Message-ID: <20150629145339.GA13548@domone>
MIME-Version: 1.0
Content-Disposition: inline
User-Agent: Mutt/1.5.20 (2009-06-14)

Hi Leonhard,

As we try to reduce initialization overhead you should try to peel first
loop iteration. Witch following patch to do it I could have around 10% 
speedup. Where do you have script to create performance difference?

I needed to add initialization of seq1.save_idx and seq1.back_us as gcc 
thought it could be used uninitialized.

Comments?

	* string/strcoll_l.c (STRCOLL): Peel first loop iteration.

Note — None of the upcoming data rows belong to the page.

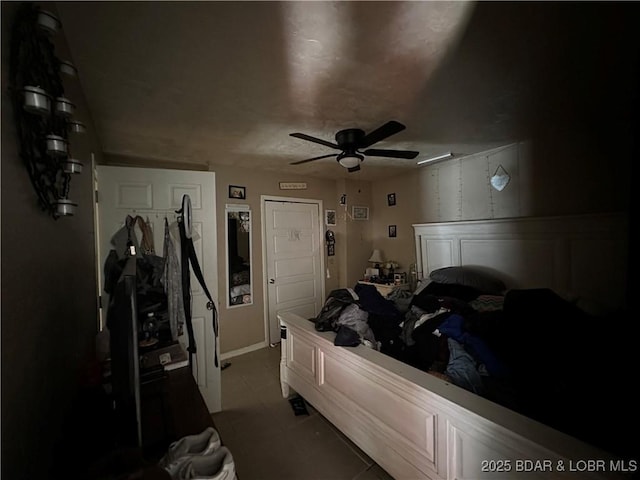 bedroom with ceiling fan and light tile patterned floors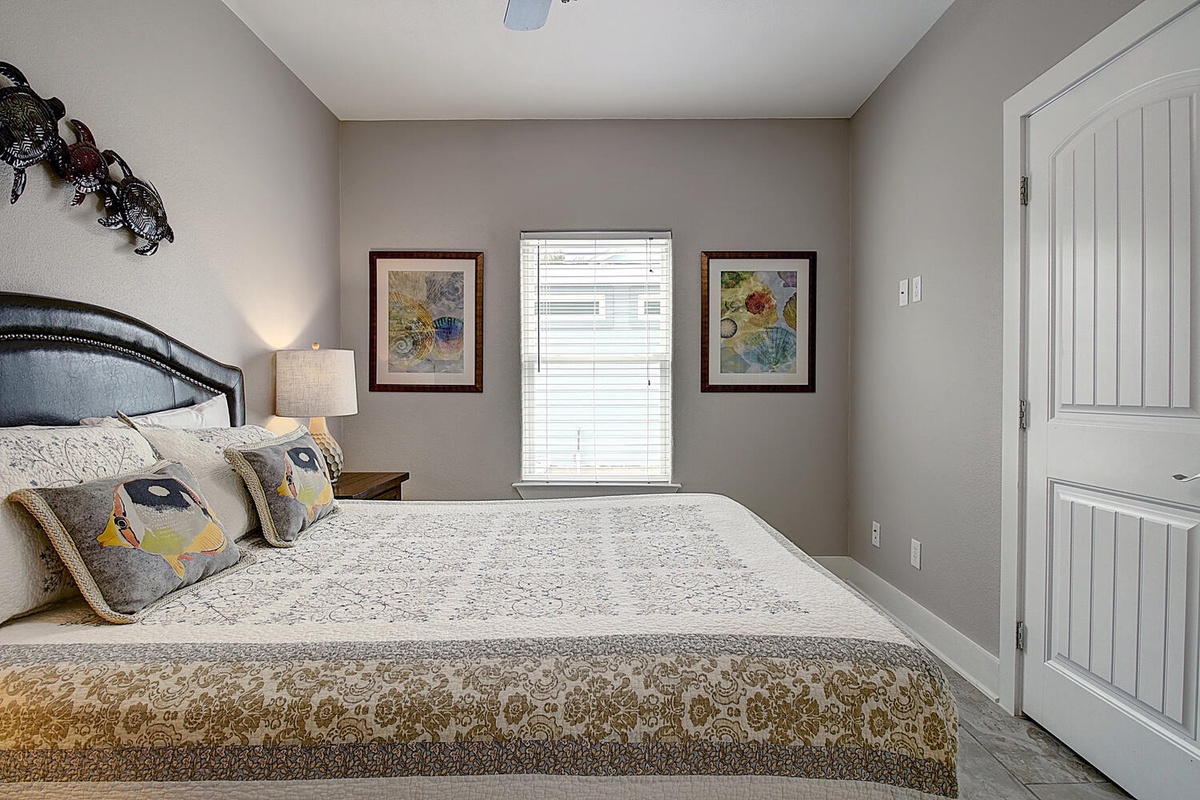 Sink into your plush bed's soft linens and enjoy natural light streaming through your window in this thoughtfully decorated bedroom retreat.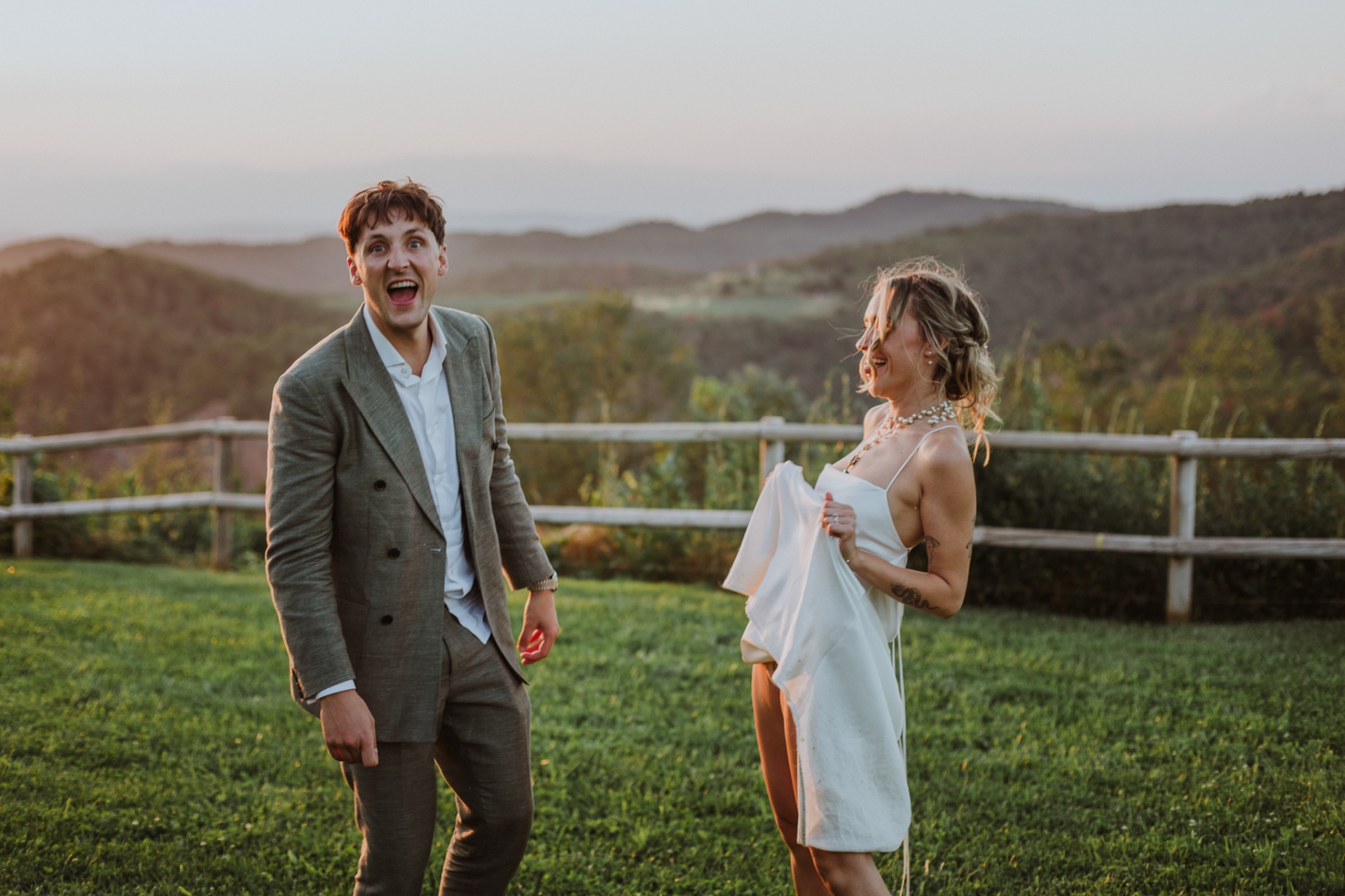 Ellie and Conor laughing on the lawn with Moianès mountains at dusk
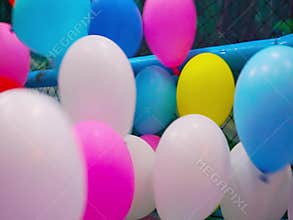 Colorful balloon blowing around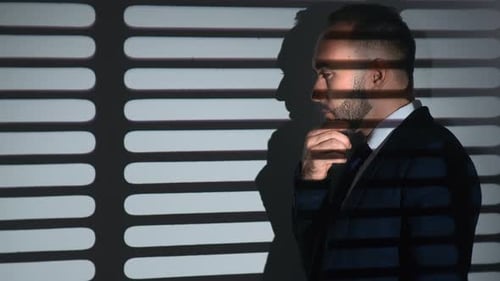 Thoughtful Man in a Dark Suit Standing in Shadows
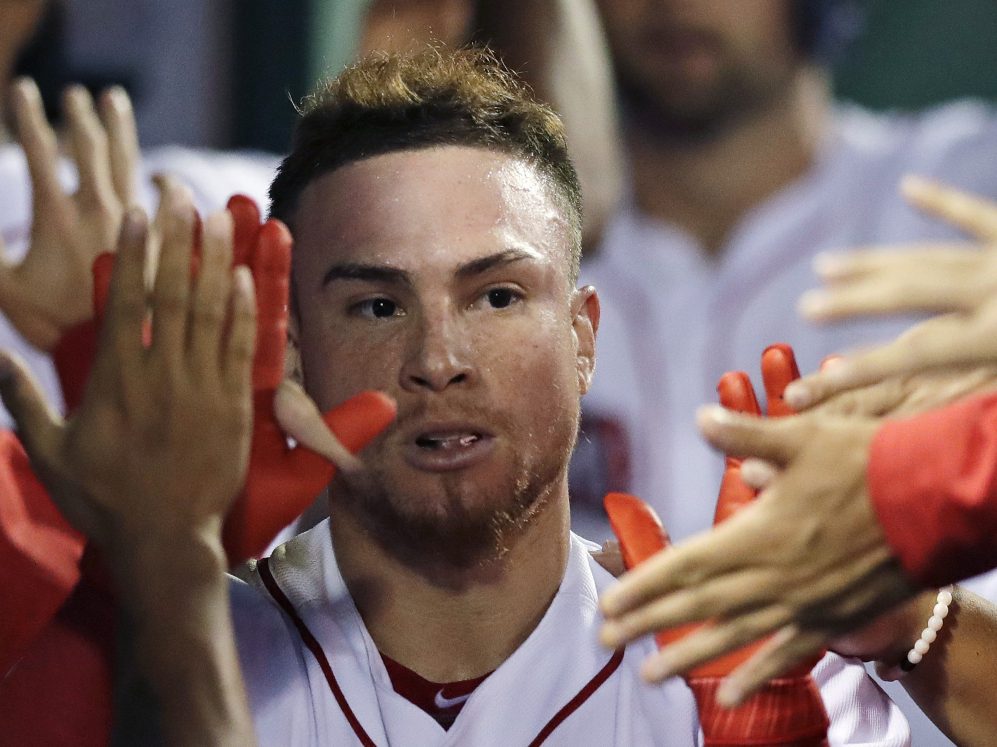 Christian Vazquez is congratulated after his two-run homer during the second inning Tuesday night at Boston.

diff --git a/string/strcoll_l.c b/string/strcoll_l.c
index 8f1225f..91b36f2 100644
--- a/string/strcoll_l.c
+++ b/string/strcoll_l.c
@@ -311,7 +311,7 @@ STRCOLL (const STRING_TYPE *s1, const STRING_TYPE *s2, __locale_t l)
   assert (((uintptr_t) weights) % __alignof__ (weights[0]) == 0);
   assert (((uintptr_t) extra) % __alignof__ (extra[0]) == 0);
   assert (((uintptr_t) indirect) % __alignof__ (indirect[0]) == 0);
-
+  int pass = 0;
   int result = 0, rule = 0;
 
   coll_seq seq1, seq2;
@@ -321,7 +321,61 @@ STRCOLL (const STRING_TYPE *s1, const STRING_TYPE *s2, __locale_t l)
   seq2.len = 0;
   seq2.idxmax = 0;
 
-  for (int pass = 0; pass < nrules; ++pass)
+  seq1.save_idx = 0;
+  seq1.back_us = NULL;
+
+  seq1.idxcnt = 0;
+  seq1.idx = 0;
+  seq2.idx = 0;
+  seq1.backw_stop = ~0ul;
+  seq1.backw = ~0ul;
+  seq2.idxcnt = 0;
+  seq2.backw_stop = ~0ul;
+  seq2.backw = ~0ul;
+
+  /* We need the elements of the strings as unsigned values since they
+     are used as indices.  */
+  seq1.us = (const USTRING_TYPE *) s1;
+  seq2.us = (const USTRING_TYPE *) s2;
+
+  /* We assume that if a rule has defined `position' in one section
+     this is true for all of them.  Please note that the localedef programs
+     makes sure that `position' is not used at the first level.  */
+
+  int position = rulesets[rule * nrules + pass] & sort_position;
+
+  get_next_seq (&seq1, nrules, rulesets, weights, table,
+      extra, indirect, pass);
+  get_next_seq (&seq2, nrules, rulesets, weights, table,
+      extra, indirect, pass);
+  /* See whether any or both strings are empty.  */
+  if (seq1.len == 0 || seq2.len == 0)
+    {
+      if (seq1.len == seq2.len)
+        {
+          /* Both strings ended and are equal at this level.  Do a
+	      byte-level comparison to ensure that we don't waste time
+	      going through multiple passes for totally equal strings
+	      before proceeding to subsequent passes.  */
+          if (pass == 0 && encoding == __cet_other &&
+	       STRCMP (s1, s2) == 0)
+	     return result;
+          else
+	     goto next;
+        }
+
+        /* This means one string is shorter than the other.  Find out
+           which one and return an appropriate value.  */
+      return seq1.len == 0 ? -1 : 1;
+    }
+
+  result = do_compare (&seq1, &seq2, position, weights);
+  if (result != 0)
+    return result;
+  goto start_while;
+
+
+  for (pass = 0; pass < nrules; ++pass)
     {
       seq1.idxcnt = 0;
       seq1.idx = 0;
@@ -341,10 +395,11 @@ STRCOLL (const STRING_TYPE *s1, const STRING_TYPE *s2, __locale_t l)
 	 this is true for all of them.  Please note that the localedef programs
 	 makes sure that `position' is not used at the first level.  */
 
-      int position = rulesets[rule * nrules + pass] & sort_position;
+      position = rulesets[rule * nrules + pass] & sort_position;
 
       while (1)
 	{
+start_while:
 	  get_next_seq (&seq1, nrules, rulesets, weights, table,
 				    extra, indirect, pass);
 	  get_next_seq (&seq2, nrules, rulesets, weights, table,
@@ -374,7 +429,7 @@ STRCOLL (const STRING_TYPE *s1, const STRING_TYPE *s2, __locale_t l)
 	  if (result != 0)
 	    return result;
 	}
-
+      next:;
       rule = seq1.rule;
     }